We are only talking about the book.
And then he continues.
“But when we read a part of the book that is bad or sad, why do you always say, ‘This is such a good story’?”
There it is. The breath is caught and the knuckles are whiter and the pathways of your own brain flood with a torrent of worry: I cannot do this, I do not know the answers, this is important, don’t screw it up, say something.
Well. You start to reply.
Well. Where is the answer.
I say that because even when it is a hard part of the story, the story can still be good.
There can still be good that comes out of it.
This is all you know. You hope it is enough. There are no answers.
“Oh,” he says. You glance in the rearview mirror to see him looking out the window, green fields rolling by, hopeful waves of spring.
You want to say more. It is not enough. You start to say something about Jesus, the part of the story when he died and people hurt him and made fun of him and killed him.
That was a terrible part of the story, right? But there was still good that came out of it. Right?
“Right,” he says again. He is still staring out the window.
It is not enough. Your heart sinks. Stubborn stories of resurrection, how are you supposed to know what they mean, nothing makes sense anymore (if it ever did make sense Before) and the world is full of staggering suffering, heaps deeper than your small life will ever hold, and yet God is still unrelenting goodness, and you have no idea how to understand this, let alone explain it to a child.
Does that make sense?

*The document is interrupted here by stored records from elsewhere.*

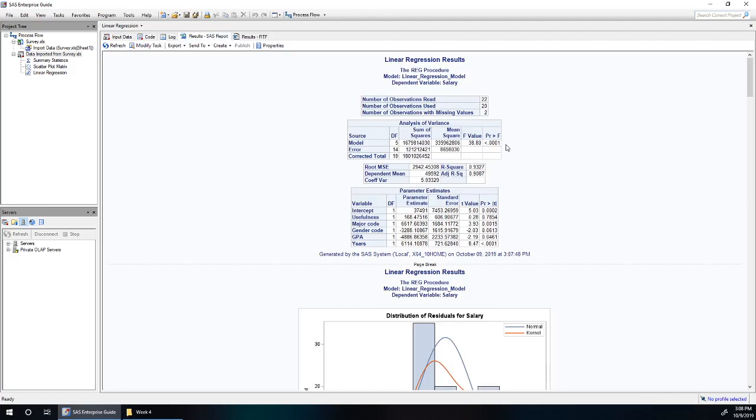We have an overall significant model looking at the analysis of variance table. The p-value for our global F test is very significant. So we're very confident that at least some of our variables are useful for predicting salary.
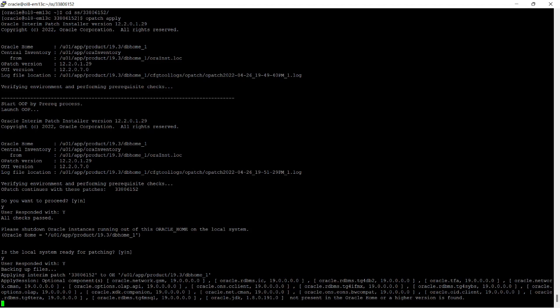Applying the interim patch set number 33806152 to Oracle Home /u01/app/product/19.3/db_home has started. It is applying the patch set on required components — there are a lot of components to be patched.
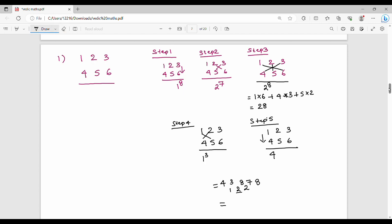Combining all results with carries: first is 8, then 1 plus 7 = 8, then 2 plus 8 = 10 (write 0, carry 1), so 1 is added to next, 1 plus 2 is 3, 3 plus 3 is 6, then 1 plus 4 is 5. Final answer: 560898.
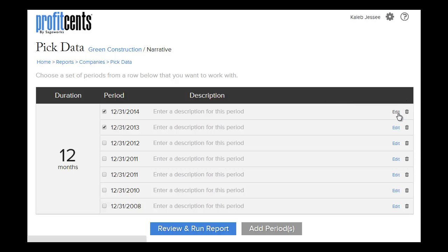You can either add a new period of data to import data or import data to an existing period. I'm going to import data to an existing period by clicking Edit.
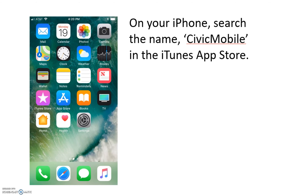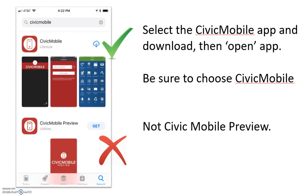On your iPhone, search the name Civic Mobile in the iTunes App Store. Select the Civic Mobile app and download, then open the app. Be sure to choose Civic Mobile, not Civic Mobile Preview.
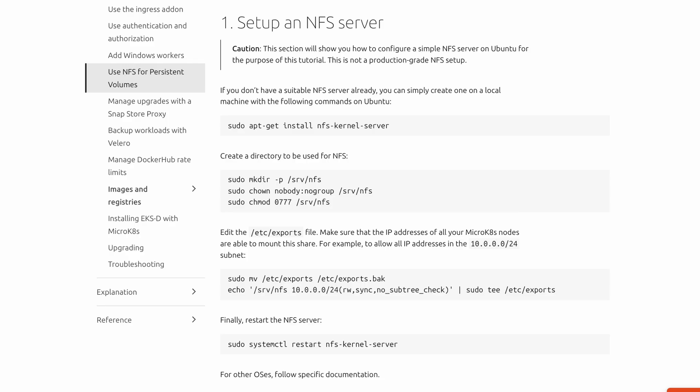Installing NFS on one of your nodes is actually pretty easy. All the instructions are on the MicroK8s website, and all you really need to do is SSH into the server and copy and paste the commands. Once it's done, you're all set.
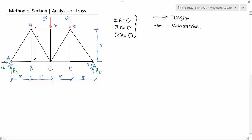Let's find the reaction forces by solving the equilibrium equations for the whole structure. Equating the vertical forces: the upward forces are RA and RD, and the downward forces are 25 plus 10. Now solving the horizontal forces: there is only one horizontal force, so it equals zero.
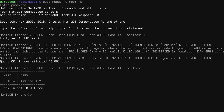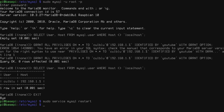Last but not least, before jumping to LibreOffice Base, we restart the MySQL service with `sudo service mysql restart` to apply all the configuration changes.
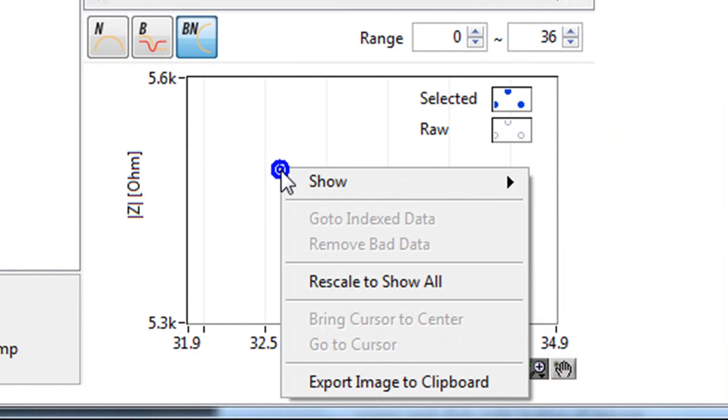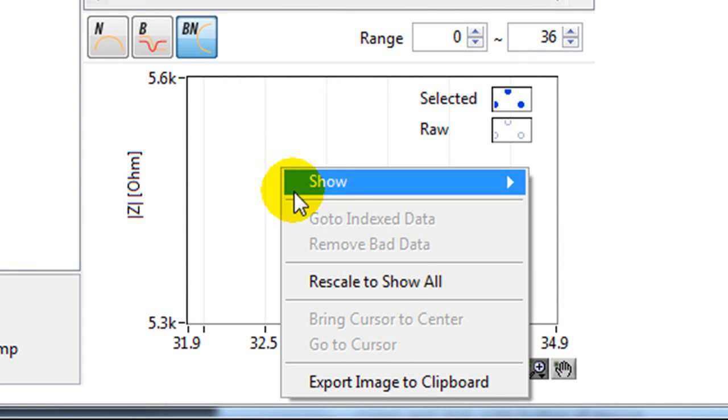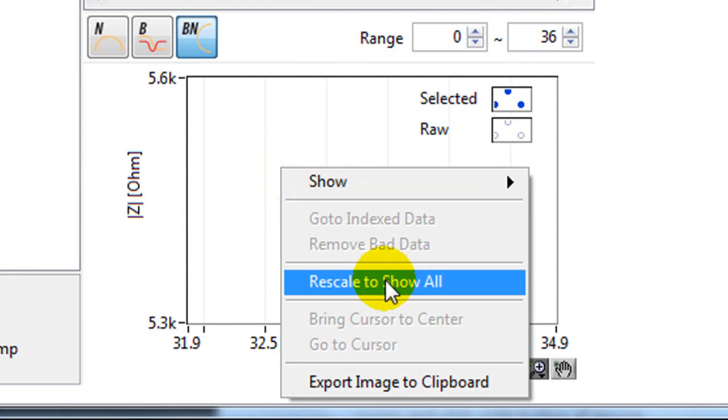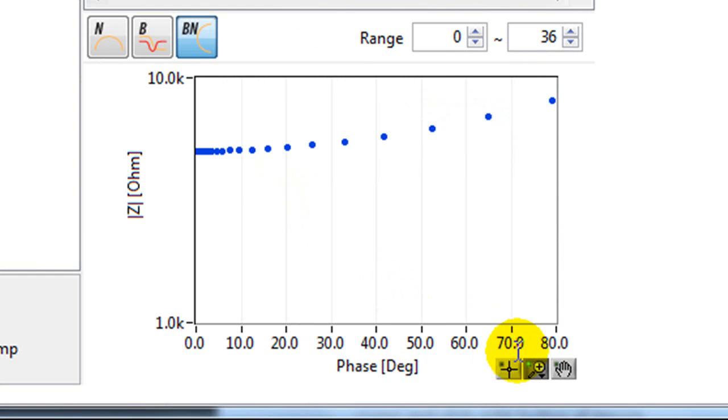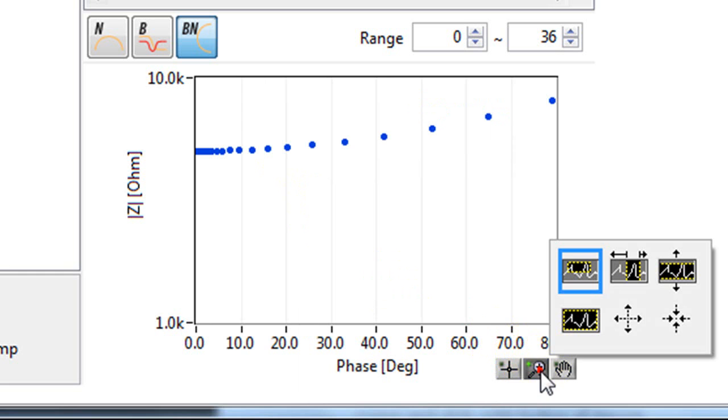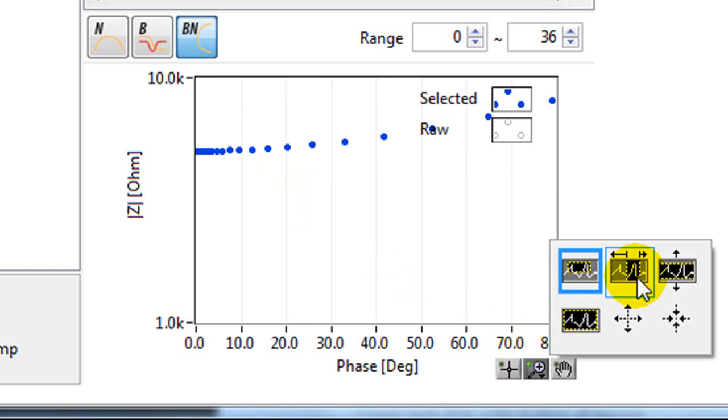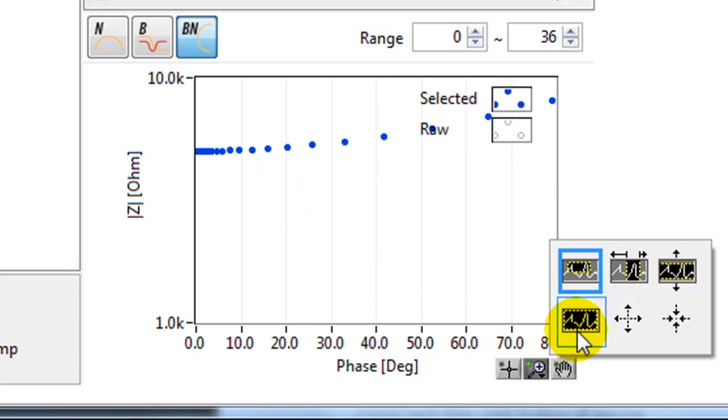If you want to get your data back, you can right click and rescale to show all. You can also zoom in just on the x axis or just on the y axis. This is to see all of your data.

You wonder out loud, hoping something might be enough in the face of nothing.
He is silent. Still turned away.
“Yeah,” he finally says. “But can we read another chapter tonight?”
Yes, you rush to say, yes of course.
You want to keep going, to say something else, something about how there is always more to the story, something about how the hint of what comes next can be enough to keep us going, something about how the promise of hope can make even the hard chapters good. But you cannot find the words.
And when you do read it again that night, books and brothers and blankets all heaped into one bed and all of your heads together on one pillow, and Lucy and Susan are wandering and despairing like Marys at the tomb, and suddenly Aslan appears again, brilliant and breath-taking and pouncing and playing and all of them delighting in each other, more than they ever did Before—only then, after the last paragraph has ended and you close the cover and you hold the book to your chest and sigh that satisfied smile, only then do you realize how he was right. You do always say this, after every chapter, the terrible and the triumphant, no matter what happens.
Isn’t this a good story?
Because somehow you know it still is. And he reminded you.
Aslan! Long live Aslan and the magical world of Narnia!! (With its unmistakable parallels to the Christian story of redemption that still give me goosebumps!)
I’ve been reading Laura Ingalls books to my youngest, age 8, and she’s really enjoying them. Plum Creek is full of so-hard moments, grasshoppers, Pa working away, blizzards, but so many beautiful moments, kindness, Ma’s face shone, love, songs. Stubborn stories of resurrection…. Hallelujah for good books!